TAMMEN’S FISH MARKET AT THE DENVER CENTRAL MARKET
Tammen’s Fish Market, one of multiple tenants residing inside the Denver Central Market, a superb food hall in RiNo, doubles as a full-service fish counter and counter-service restaurant that turns out a host of sea-centric dishes, like quinoa crab cakes, shrimp on skewers, ceviche, poke, clam chowder and fried smelts. With its casual surrounds, community bar that serves beer, wine and cocktails, and clam and mussel shells that grin from the impressive display case, it’s a terrific spot for lunch, dinner or a grab-and-go fresh fish and seafood jaunt that allows you to experiment with cooking your own specimens at home.
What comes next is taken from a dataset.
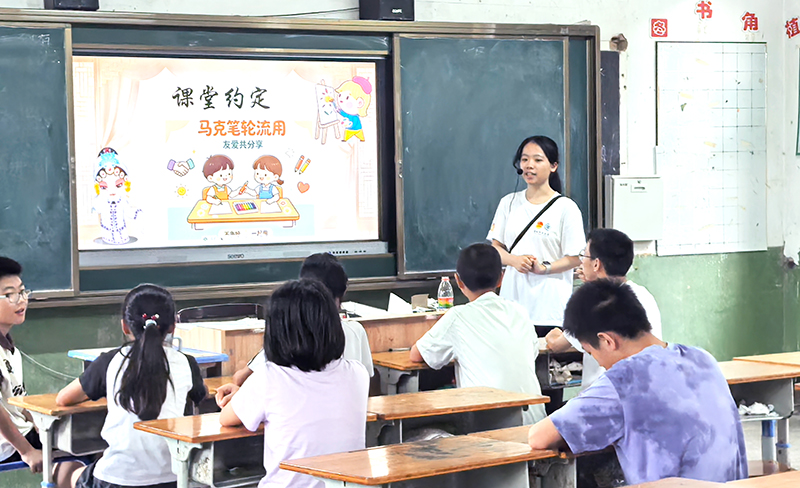 暑期社会实践，主场设在基层一线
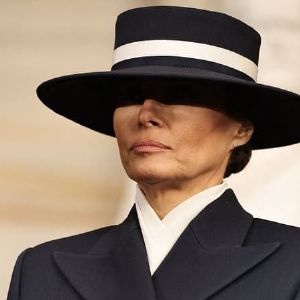 "Le chapeau de Melania Trump fait le buzz lors de l'investiture de Donald Trump"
To travel through the dishes that define Cafe Brazil, a sensationally charming South American restaurant from Mauricio Zorrilla and Tony and Marla Zarlenga, is to drift into a land of gypsy chiles and vibrant spices, fresh herbs and sweet plantains, passion fruit and prawns, swollen scallops and bacalhau, all beautifully harmonized in heartfelt ways that explain why the Berkeley neighborhood restaurant has such a loyal following. Against a backdrop of color and whimsy, high energy and contagious laughter, shots of rum and caipirinhas, diners socialize over plates of seafood Copacabana, a medley of shrimp and scallops in a lush coconut milk sauce, and the moqueca de peixe, an irresistible come-hither stew stained sunset with dende oil and liberally enhanced with tender scallops, shrimp and Portuguese bacalhau.
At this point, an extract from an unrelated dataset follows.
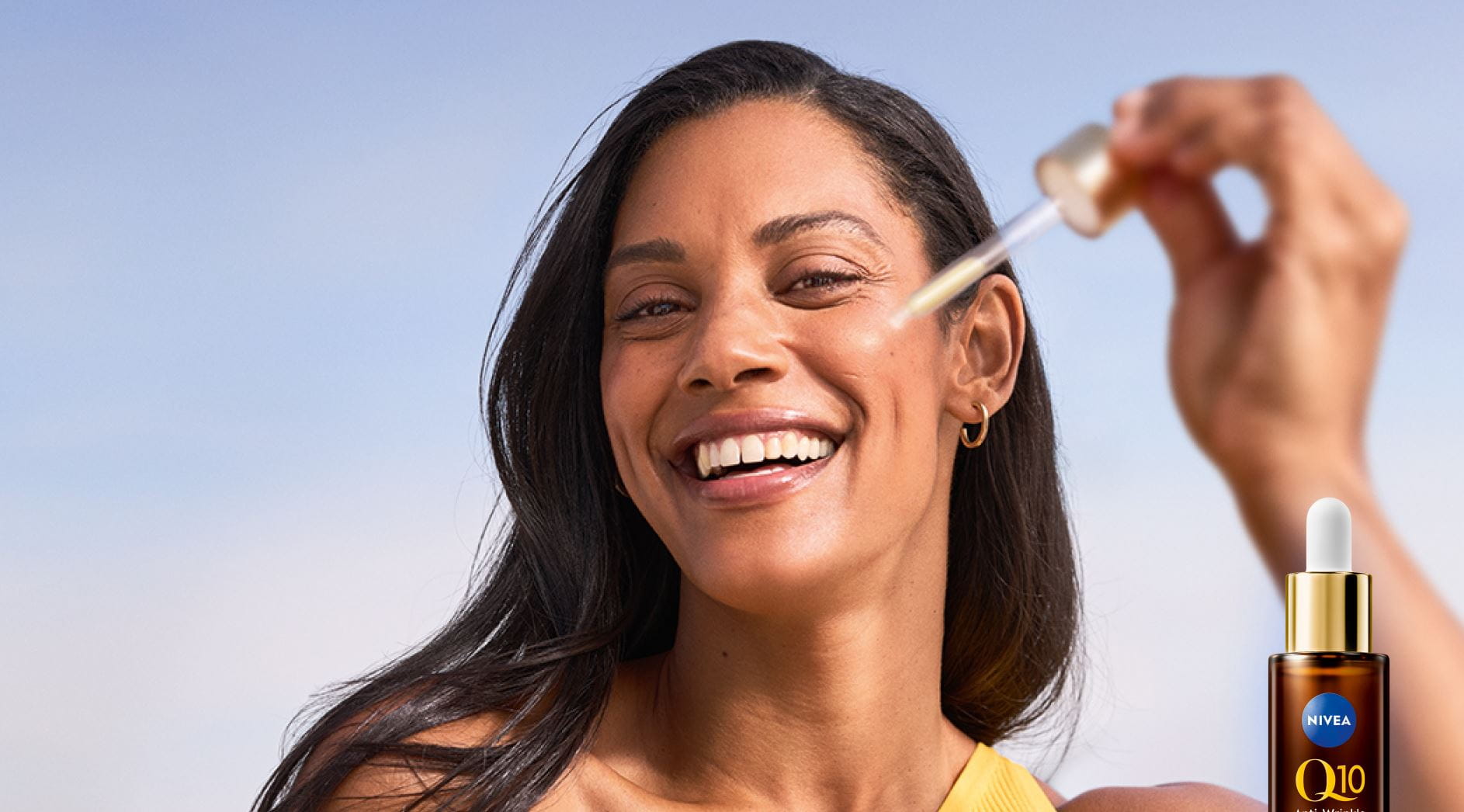 jonge vrouw die lacht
BLUE ISLAND OYSTER BAR AND SEAFOOD
In any neighborhood inked with upscale boutiques, swanky bars and martini-leaning residents, a sleek seafood shrine is never far away. And so it goes for Blue Island Oyster Bar and Seafood, a sophisticated dock-to-dish restaurant in tony Cherry Creek that struts a ritzy seafaring motif flanked by a centerpiece bar that pours stiff martinis and bubbles, the requisite libation to match with the restaurant’s proprietary East Coast oysters. You could spend all of your clams on the bivalves, but then you’d miss the creamy New England clam chowder—and that would be a travesty.
FISH N BEER
Chef and owner Kevin Morrison of Tacos, Tequila, Whiskey offers a fresh syllabus of sea creatures at his diminutive River North Art District (RiNo) restaurant that’s usually packed like a can of sardines with diners drawn to the beer-friendly, fish-intensive menu. A triumphant wood-grilled whole Colorado bass is a state ballad bathed in butter and sidekicked with asparagus spears and charred tomatoes, while the king salmon filet with gnocchi, kale and crimini mushrooms is caressed with a cream sauce of butter and garlic. Oysters, mussels, pan-roasted crab-and-corn cakes and terrific smelt fries round out the culinary roster, which pairs well with the rotating craft-beer lineup favoring Colorado breweries.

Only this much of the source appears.